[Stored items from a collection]
================
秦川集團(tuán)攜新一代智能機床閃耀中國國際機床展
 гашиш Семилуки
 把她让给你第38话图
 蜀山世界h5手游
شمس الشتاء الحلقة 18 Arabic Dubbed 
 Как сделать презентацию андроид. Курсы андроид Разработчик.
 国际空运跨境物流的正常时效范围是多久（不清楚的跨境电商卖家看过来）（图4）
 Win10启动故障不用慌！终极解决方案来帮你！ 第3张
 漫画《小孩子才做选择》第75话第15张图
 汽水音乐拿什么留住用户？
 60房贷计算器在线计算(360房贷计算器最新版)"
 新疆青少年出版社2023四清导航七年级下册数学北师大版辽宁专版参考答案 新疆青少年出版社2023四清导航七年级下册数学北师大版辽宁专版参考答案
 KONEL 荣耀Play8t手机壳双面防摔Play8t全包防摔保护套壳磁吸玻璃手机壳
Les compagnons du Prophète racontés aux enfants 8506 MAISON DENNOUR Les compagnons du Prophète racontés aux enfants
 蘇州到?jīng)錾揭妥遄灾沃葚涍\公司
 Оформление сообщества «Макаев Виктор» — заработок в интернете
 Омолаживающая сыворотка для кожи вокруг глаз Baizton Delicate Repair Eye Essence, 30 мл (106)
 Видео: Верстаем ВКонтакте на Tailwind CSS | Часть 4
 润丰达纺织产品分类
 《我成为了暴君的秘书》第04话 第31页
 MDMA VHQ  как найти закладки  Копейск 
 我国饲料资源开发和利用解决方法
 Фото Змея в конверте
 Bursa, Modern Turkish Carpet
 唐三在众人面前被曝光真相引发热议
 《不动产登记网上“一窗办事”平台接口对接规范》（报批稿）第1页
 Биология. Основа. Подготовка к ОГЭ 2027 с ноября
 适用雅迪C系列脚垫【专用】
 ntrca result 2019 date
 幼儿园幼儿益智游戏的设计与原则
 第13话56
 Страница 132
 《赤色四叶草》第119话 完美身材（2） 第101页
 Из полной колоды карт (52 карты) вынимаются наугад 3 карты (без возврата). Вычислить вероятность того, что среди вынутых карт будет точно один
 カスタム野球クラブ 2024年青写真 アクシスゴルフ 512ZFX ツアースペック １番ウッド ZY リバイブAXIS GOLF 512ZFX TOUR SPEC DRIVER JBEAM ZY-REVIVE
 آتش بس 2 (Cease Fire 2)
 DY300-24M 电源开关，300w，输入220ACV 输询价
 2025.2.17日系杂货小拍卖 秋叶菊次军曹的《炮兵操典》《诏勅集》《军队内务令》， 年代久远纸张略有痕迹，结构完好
================
Task requirements:
Write each line above out exactly.

Answer to the exercise:
秦川集團(tuán)攜新一代智能機床閃耀中國國際機床展
 гашиш Семилуки
 把她让给你第38话图
 蜀山世界h5手游
شمس الشتاء الحلقة 18 Arabic Dubbed 
 Как сделать презентацию андроид. Курсы андроид Разработчик.
 国际空运跨境物流的正常时效范围是多久（不清楚的跨境电商卖家看过来）（图4）
 Win10启动故障不用慌！终极解决方案来帮你！ 第3张
 漫画《小孩子才做选择》第75话第15张图
 汽水音乐拿什么留住用户？
 60房贷计算器在线计算(360房贷计算器最新版)"
 新疆青少年出版社2023四清导航七年级下册数学北师大版辽宁专版参考答案 新疆青少年出版社2023四清导航七年级下册数学北师大版辽宁专版参考答案
 KONEL 荣耀Play8t手机壳双面防摔Play8t全包防摔保护套壳磁吸玻璃手机壳
Les compagnons du Prophète racontés aux enfants 8506 MAISON DENNOUR Les compagnons du Prophète racontés aux enfants
 蘇州到?jīng)錾揭妥遄灾沃葚涍\公司
 Оформление сообщества «Макаев Виктор» — заработок в интернете
 Омолаживающая сыворотка для кожи вокруг глаз Baizton Delicate Repair Eye Essence, 30 мл (106)
 Видео: Верстаем ВКонтакте на Tailwind CSS | Часть 4
 润丰达纺织产品分类
 《我成为了暴君的秘书》第04话 第31页
 MDMA VHQ  как найти закладки  Копейск 
 我国饲料资源开发和利用解决方法
 Фото Змея в конверте
 Bursa, Modern Turkish Carpet
 唐三在众人面前被曝光真相引发热议
 《不动产登记网上“一窗办事”平台接口对接规范》（报批稿）第1页
 Биология. Основа. Подготовка к ОГЭ 2027 с ноября
 适用雅迪C系列脚垫【专用】
 ntrca result 2019 date
 幼儿园幼儿益智游戏的设计与原则
 第13话56
 Страница 132
 《赤色四叶草》第119话 完美身材（2） 第101页
 Из полной колоды карт (52 карты) вынимаются наугад 3 карты (без возврата). Вычислить вероятность того, что среди вынутых карт будет точно один
 カスタム野球クラブ 2024年青写真 アクシスゴルフ 512ZFX ツアースペック １番ウッド ZY リバイブAXIS GOLF 512ZFX TOUR SPEC DRIVER JBEAM ZY-REVIVE
 آتش بس 2 (Cease Fire 2)
 DY300-24M 电源开关，300w，输入220ACV 输询价
 2025.2.17日系杂货小拍卖 秋叶菊次军曹的《炮兵操典》《诏勅集》《军队内务令》， 年代久远纸张略有痕迹，结构完好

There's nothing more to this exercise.